804 is no longer in the Critical Status we ae now in the Endangered Status
Critical Status
A plan is in critical status if it meets one of the following criteria:
The plan is less than 65% funded and (1) will have a projected funding deficiency within five years,
or (2) it is projected to be unable to pay benefits within seven years; or
The plan’s normal cost for the current plan year, plus interest for the current plan year on unfunded
benefit liabilities exceeds the present value of the reasonably anticipated employer contributions for
he current plan year, plus the present value of nonforfeitable benefits of active participants and the
plan (1) has an accumulated funding deficiency for the current plan year, or (2) is projected to have
an accumulated funding deficiency for any of the next four succeeding plan years; or
The sum of the market value of plan assets plus the present value of the reasonably anticipated
employer contributions for the current plan year and each of the four succeeding plan years is less
than the present value of all benefits projected to be payable under the plan during the current plan
year and each of the four succeeding plan years.

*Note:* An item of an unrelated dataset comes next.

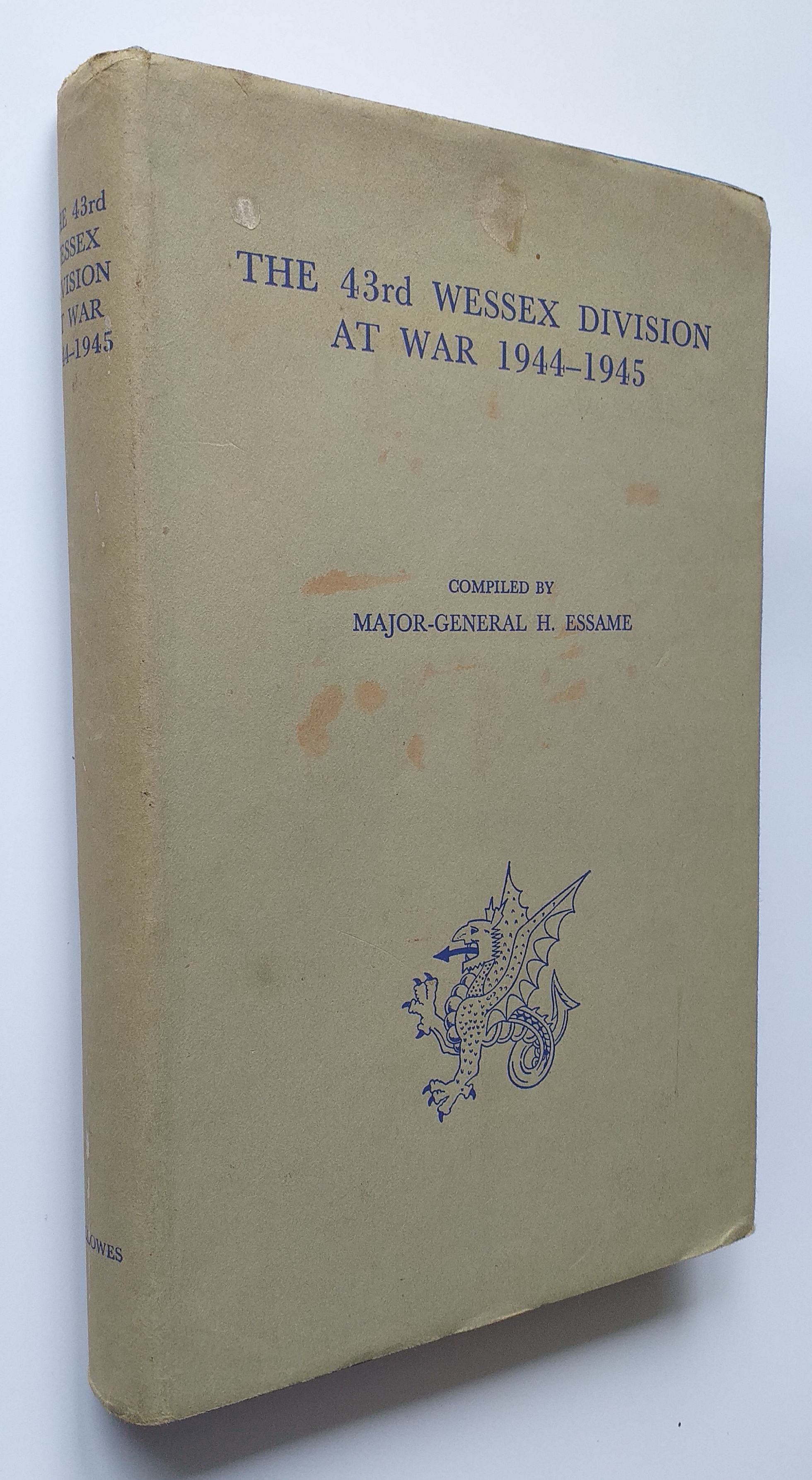 Image for The 43rd Wessex Division At War, 1944-1945 The 43rd Wessex Division At War, 1944-1945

A plan in critical status must implement a rehabilitation plan, which allows the plan to emerge from critical
status within a 10-year period. The rehabilitation plan must be adopted no later than 240 days after the due
date of the enrolled actuary’s certification that it is in critical status. The rehabilitation plan may include
reductions in plan expenditures, reduction in future benefit accruals, and increases in contributions.

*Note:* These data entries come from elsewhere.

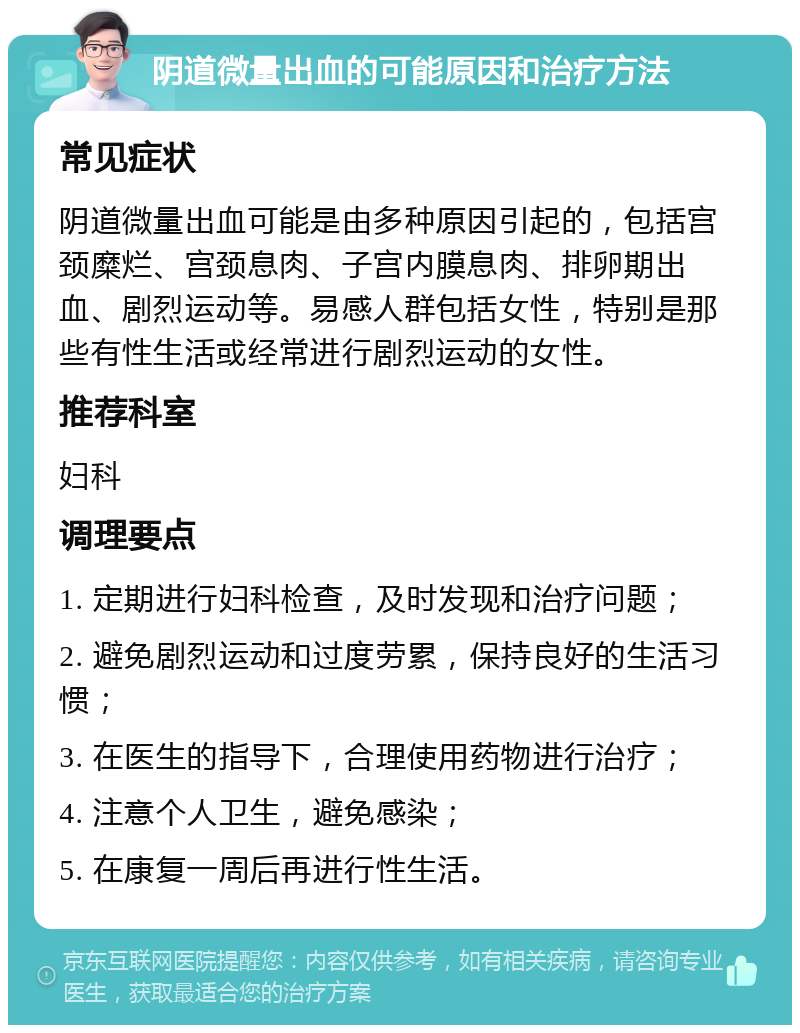 阴道微量出血的可能原因和治疗方法 常见症状 阴道微量出血可能是由多种原因引起的，包括宫颈糜烂、宫颈息肉、子宫内膜息肉、排卵期出血、剧烈运动等。易感人群包括女性，特别是那些有性生活或经常进行剧烈运动的女性。 推荐科室 妇科 调理要点 1. 定期进行妇科检查，及时发现和治疗问题； 2. 避免剧烈运动和过度劳累，保持良好的生活习惯； 3. 在医生的指导下，合理使用药物进行治疗； 4. 注意个人卫生，避免感染； 5. 在康复一周后再进行性生活。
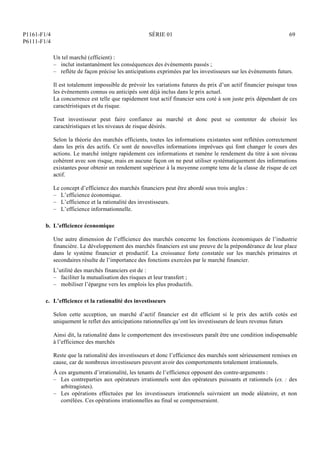 P1161-F1/4
P6111-F1/4
SÉRIE 01 69
Un tel marché (efficient) :
– inclut instantanément les conséquences des événements passés ;
– reflète de façon précise les anticipations exprimées par les investisseurs sur les événements futurs.
Il est totalement impossible de prévoir les variations futures du prix d’un actif financier puisque tous
les événements connus ou anticipés sont déjà inclus dans le prix actuel.
La concurrence est telle que rapidement tout actif financier sera coté à son juste prix dépendant de ces
caractéristiques et du risque.
Tout investisseur peut faire confiance au marché et donc peut se contenter de choisir les
caractéristiques et les niveaux de risque désirés.
Selon la théorie des marchés efficients, toutes les informations existantes sont reflétées correctement
dans les prix des actifs. Ce sont de nouvelles informations imprévues qui font changer le cours des
actions. Le marché intègre rapidement ces informations et ramène le rendement du titre à son niveau
cohérent avec son risque, mais en aucune façon on ne peut utiliser systématiquement des informations
existantes pour obtenir un rendement supérieur à la moyenne compte tenu de la classe de risque de cet
actif.
Le concept d’efficience des marchés financiers peut être abordé sous trois angles :
– L’efficience économique.
– L’efficience et la rationalité des investisseurs.
– L’efficience informationnelle.
b. L’efficience économique
Une autre dimension de l’efficience des marchés concerne les fonctions économiques de l’industrie
financière. Le développement des marchés financiers est une preuve de la prépondérance de leur place
dans le système financier et productif. La croissance forte constatée sur les marchés primaires et
secondaires résulte de l’importance des fonctions exercées par le marché financier.
L’utilité des marchés financiers est de :
– faciliter la mutualisation des risques et leur transfert ;
– mobiliser l’épargne vers les emplois les plus productifs.
c. L’efficience et la rationalité des investisseurs
Selon cette acception, un marché d’actif financier est dit efficient si le prix des actifs cotés est
uniquement le reflet des anticipations rationnelles qu’ont les investisseurs de leurs revenus futurs
Ainsi dit, la rationalité dans le comportement des investisseurs paraît être une condition indispensable
à l’efficience des marchés
Reste que la rationalité des investisseurs et donc l’efficience des marchés sont sérieusement remises en
cause, car de nombreux investisseurs peuvent avoir des comportements totalement irrationnels.
À ces arguments d’irrationalité, les tenants de l’efficience opposent des contre-arguments :
– Les contreparties aux opérateurs irrationnels sont des opérateurs puissants et rationnels (ex. : des
arbitragistes).
– Les opérations effectuées par les investisseurs irrationnels suivraient un mode aléatoire, et non
corrélées. Ces opérations irrationnelles au final se compenseraient.
 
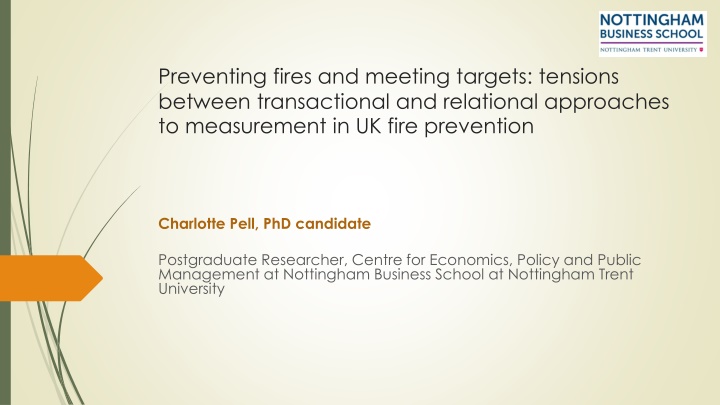 preventing fires and meeting targets tensions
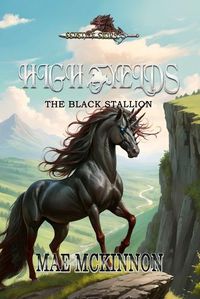 Cover image for High Fyelds - The Black Stallion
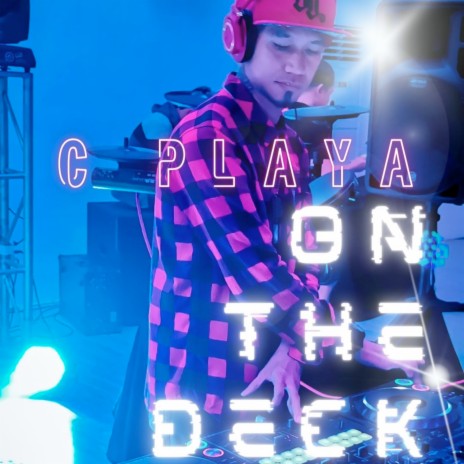 C Playa on the Deck | Boomplay Music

Plans in critical status are subject to certain restrictions on:
Paying lump sum benefits; or
Adopting amendments that reduce contributions or increase benefits or future benefit accruals.
To encourage employers to negotiate with bargaining units to adopt a schedule of benefits and contributions
consistent with the rehabilitation plan, employers with collective bargaining agreements that are inconsistent
with the rehabilitation plan must pay a surcharge that is equal to:
5% of the required contribution for the first year that a plan is in critical status; and
10% of the required contribution for each subsequent year that the plan is in critical status.

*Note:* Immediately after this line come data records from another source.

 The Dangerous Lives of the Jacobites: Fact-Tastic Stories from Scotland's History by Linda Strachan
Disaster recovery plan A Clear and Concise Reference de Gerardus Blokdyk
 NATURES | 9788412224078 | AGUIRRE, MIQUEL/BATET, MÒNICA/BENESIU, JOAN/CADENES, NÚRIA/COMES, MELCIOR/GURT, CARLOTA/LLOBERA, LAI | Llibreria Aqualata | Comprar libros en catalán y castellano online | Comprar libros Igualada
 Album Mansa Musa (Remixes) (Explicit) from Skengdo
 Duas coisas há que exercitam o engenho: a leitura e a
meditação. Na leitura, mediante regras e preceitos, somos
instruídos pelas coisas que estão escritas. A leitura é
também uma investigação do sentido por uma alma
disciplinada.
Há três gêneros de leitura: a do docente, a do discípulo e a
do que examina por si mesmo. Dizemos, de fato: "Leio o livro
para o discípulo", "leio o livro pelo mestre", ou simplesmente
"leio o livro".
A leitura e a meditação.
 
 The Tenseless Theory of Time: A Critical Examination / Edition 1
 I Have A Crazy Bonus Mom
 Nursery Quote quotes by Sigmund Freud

A contributing employer that does not make the contributions required by the rehabilitation plan is subject toan excise tax equal to 100% of those contributions.
Under PPA, the funding rules for plans in endangered or critical status will sunset after December 31, 2014.
However, funding improvement plans and rehabilitation plans in effect on that date will remain in effect.
Endangered StatusA multiemployer plan is in “endangered status” if the plan is not in critical status and the:
Plan’s funded percentage is less than 80%; or
Plan has an accumulated funding deficiency for the current plan year or a projected accumulated
funding deficiency for any of the next six plan years.
A plan is in “seriously endangered status” if both of the above situations exist.
An endangered plan must adopt a funding improvement plan (FIP) within 240 days after the due date of the
enrolled actuary’s certification that it is endangered. The FIP must:
Reduce the plan’s unfunded percentage by at least 33% before the end of a 10-year funding
improvement period; and
Eliminate any accumulated funding deficiency for any plan year during the FIP.
Seriously endangered plans must satisfy more stringent requirements.
Sponsors of affected plans must update the FIP every year and file the update with the plan’s Form 5500.
While in endangered status, plan sponsors cannot accept any collective bargaining agreements that:
Lower contributions for any participants;
Suspend contributions for any period of service; or
Exclude younger or newly hired employees from plan participation;
In addition, the sponsor cannot amend the plan to increase plan liabilities by increasing benefits, changing
accruals or changing the vesting rate unless the amendment is necessary to maintain the plan’s qualified
status or is required by law, and is consistent with the terms of the funding improvement plan.
A contributing employer that does not make the contributions required by the FIP, is subject to an excise tax
equal to 100% of those contributions.